Biden holds about an average 7 point advantage over Trump in polls taken since the beginning of the year. That's about the same as his current lead of 8 points in an average of recent polls. It's not much different than the 6 point edge Biden had over Trump the last time I noted the stability of this race in early May.
Biden's lead in the average has never gotten below 4 or 5 points or above 10 points. That's a remarkably narrow range.
If you were to construct a 95% confidence interval around individual polls, Biden's advantage in any individual poll has been within 6.5 points of that 7 point average.
A look at the previous 19 elections since 1940 reveals that the average range has been double that from January of the election year through early September of the same year. That is, the range in the polls in the average election has been closer to 14 to 16 points, depending on how you calculate the polling average.
Indeed, the polls swung wildly the last time a challenger knocked off a sitting president. Bill Clinton went from being down double digits early in the 1992 campaign to being up by double digits after his party's convention. Ultimately, Clinton defeated George H.W. Bush by 6 points.
In fact, the same gyrations in the polls were present the last two times incumbents lost. Gerald Ford went from easily winning in 1976 to being down by a wide margin and ultimately losing by 2 points. Jimmy Carter's advantage evaporated during the early months of 1980, but he was able to close a double-digit deficit to Ronald Reagan in the late summer of that year. Eventually, Reagan won by 10 points.
This year, despite at least as many unforeseen events as the 1980 campaign, has featured none of that wild movement.
Biden has maintained leads not just nationally, but in the swing states that matter. He has been consistently ahead in states totaling 270 electoral votes, including the states Hillary Clinton won in 2016 and Arizona, Florida, Michigan, Pennsylvania and Wisconsin.
Speaking of the Clinton campaign, Biden has never once fallen behind nationally like she did. His polling has simply been in a much narrower window. While 95% of the polls this year have been within a 6.5 point range of each other, Clinton's range was significantly wider at 10 points. Sometimes she opened up a lead in the high single digits or greater, but it would fall nearly just as quickly.

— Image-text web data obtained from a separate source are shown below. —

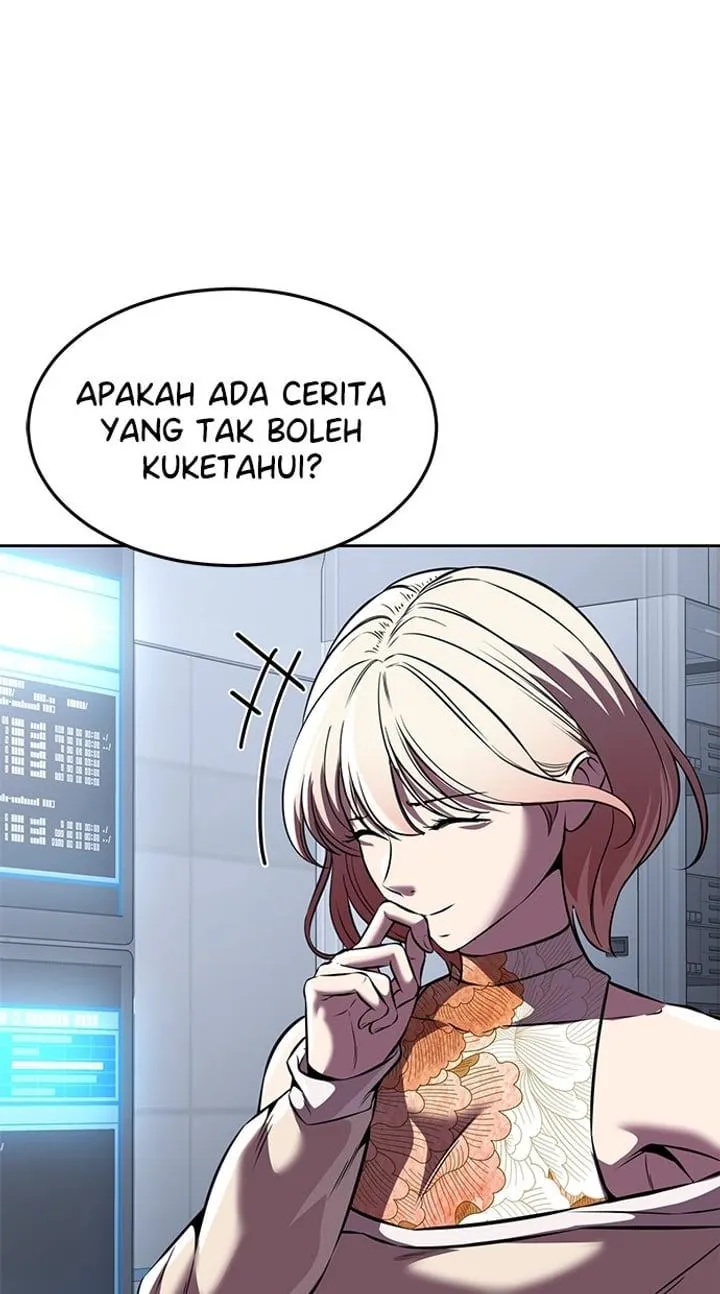 Page 148 - Ticket Hero Chapter 210
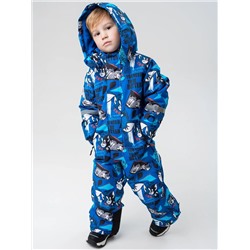 PLAYTODAY Комбинезон 32532025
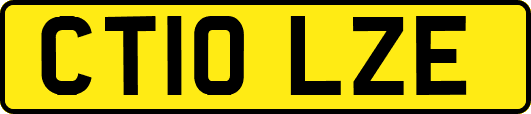 CT10LZE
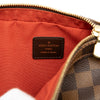 Louis Vuitton Damier Ebene Geronimos Secondhand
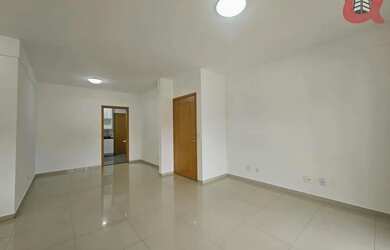 Imagem 16: Apartamento para Locação em Santana de Parnaíba, Tamboré, 3 dormitórios, 3 suítes, 4 banhe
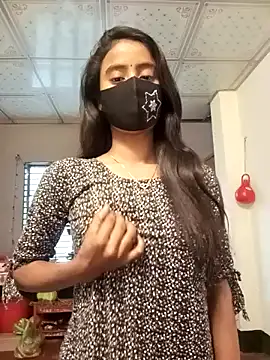 Sonaly- online show from 01/03/25, 01:59
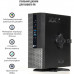 Vapehub-Image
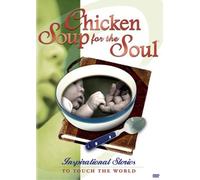 Inspirational Stories to Touch the World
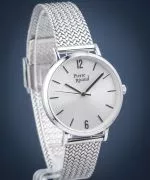 Reloj para mujeres Pierre Ricaud Classic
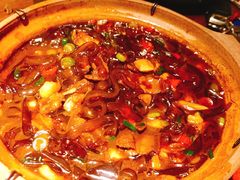 -小湘旺臭鳜鱼(百子湾店)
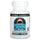 Source Naturals, Biotin, 10,000 mcg, 120 Tablets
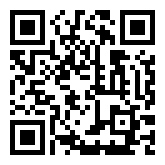 每日英语阅读每日外刊二维码下载图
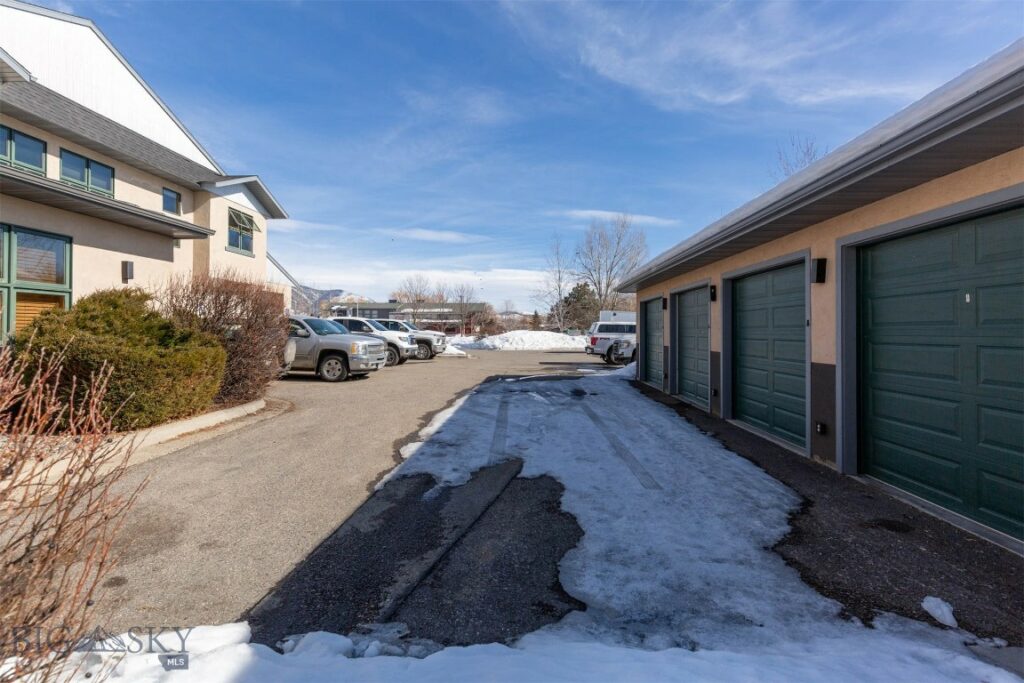 1281 Stoneridge, Bozeman MT 59718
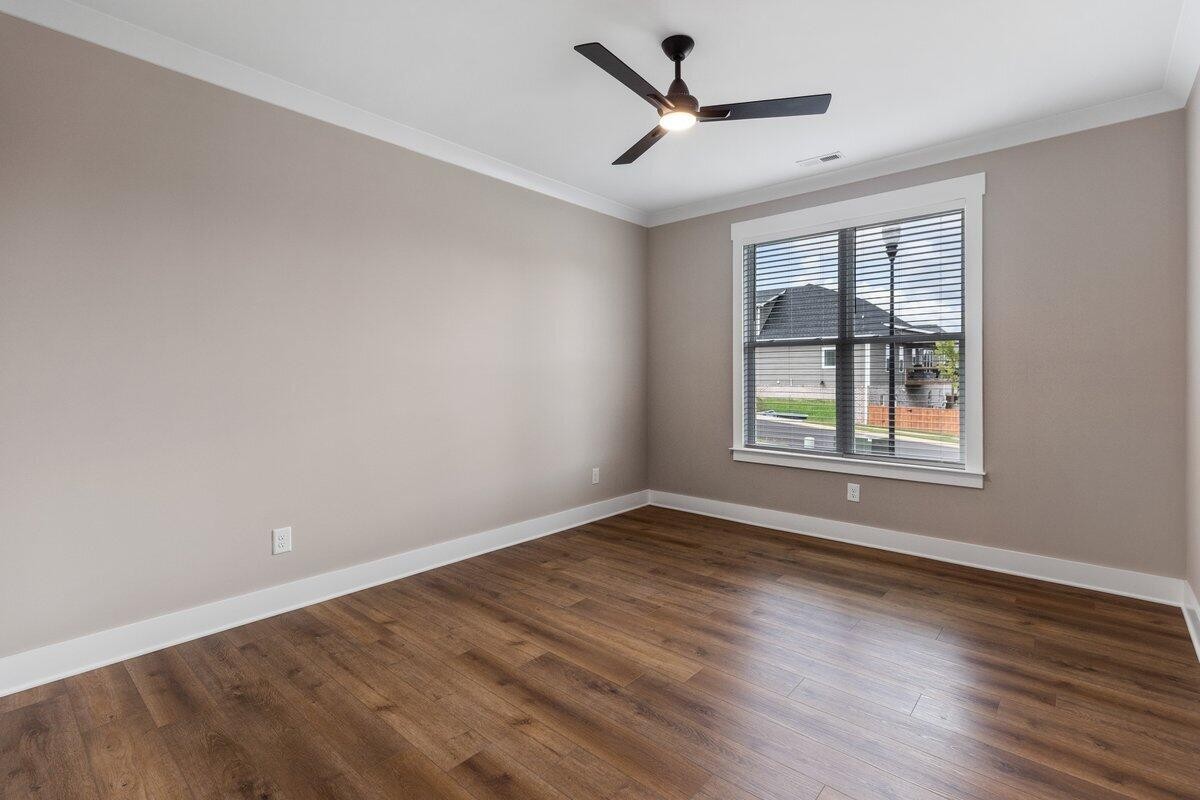 116 Bear Trace Lane, Nw Property Photo 23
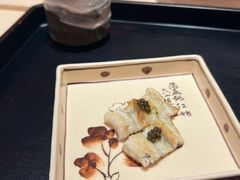-鮨心和(外滩店)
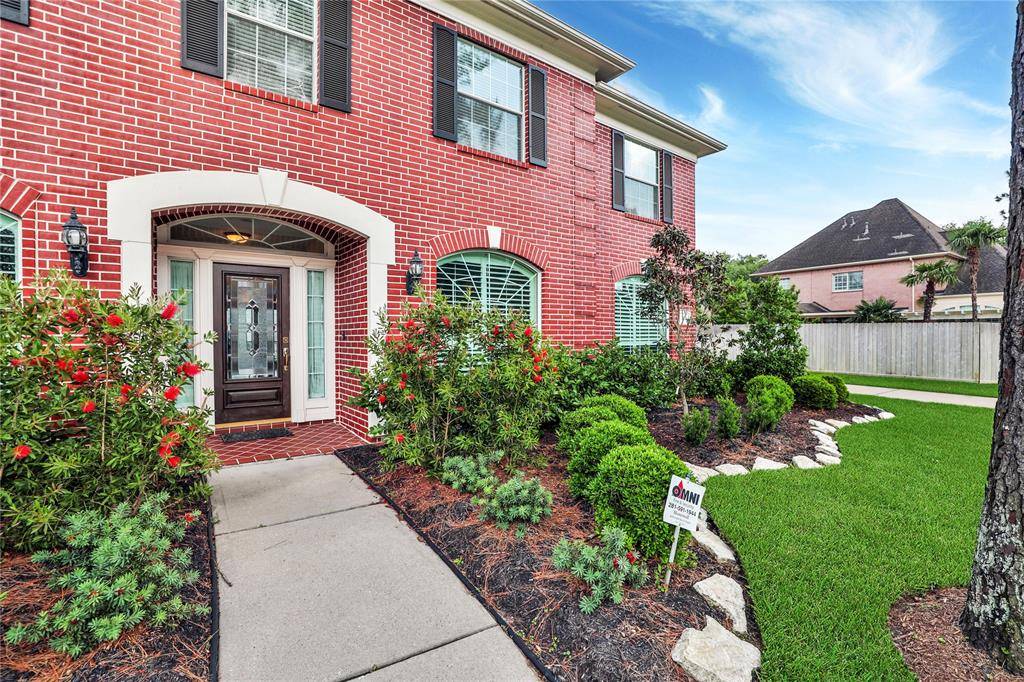 Katy, TX 77450,2019 Wild Dunes CIR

Clinton's edge at this point in 2016 was only about 3 points. Biden's is more than double that.
Indeed, Biden's advantage looks most like that of Barack Obama's in 2012, when Biden was on the Democratic ticket as vice president. Obama held a lead of a little more than a point on average in the national polls, while the range of polls around that average was 7 points through this point in the campaign.
The difference, of course, is that many polls didn't actually have Obama ahead nationally because his average lead was so narrow.

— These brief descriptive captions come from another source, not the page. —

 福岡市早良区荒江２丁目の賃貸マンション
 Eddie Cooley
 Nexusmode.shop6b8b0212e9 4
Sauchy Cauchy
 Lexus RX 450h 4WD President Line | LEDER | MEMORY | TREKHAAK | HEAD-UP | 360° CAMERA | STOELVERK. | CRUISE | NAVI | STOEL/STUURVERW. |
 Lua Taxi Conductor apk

What Obama had that Biden doesn't have, however, was an edge in the electoral college relative to the popular vote. For Biden, it looks like the opposite.
That is, Biden's lead in the state that would provide him with the 270 electoral votes is closer to 5 points than 8 points.

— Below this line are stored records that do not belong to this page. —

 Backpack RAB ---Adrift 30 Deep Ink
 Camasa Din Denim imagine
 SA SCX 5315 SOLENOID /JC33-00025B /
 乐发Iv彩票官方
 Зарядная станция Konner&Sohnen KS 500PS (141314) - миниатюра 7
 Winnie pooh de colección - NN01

Errors of 5 points in state polling are uncommon enough that we can say Biden is clearly ahead and would likely win if the election were today. They're not uncommon enough to say Biden would definitely win if the election were held today.
And given that there is still time for Biden's national lead to shrink to 6 points or even 5 points, he can't take this election to the bank by any stretch.
Still, the safest bet at this point is that Biden has been ahead and will likely be ahead when all the votes are counted.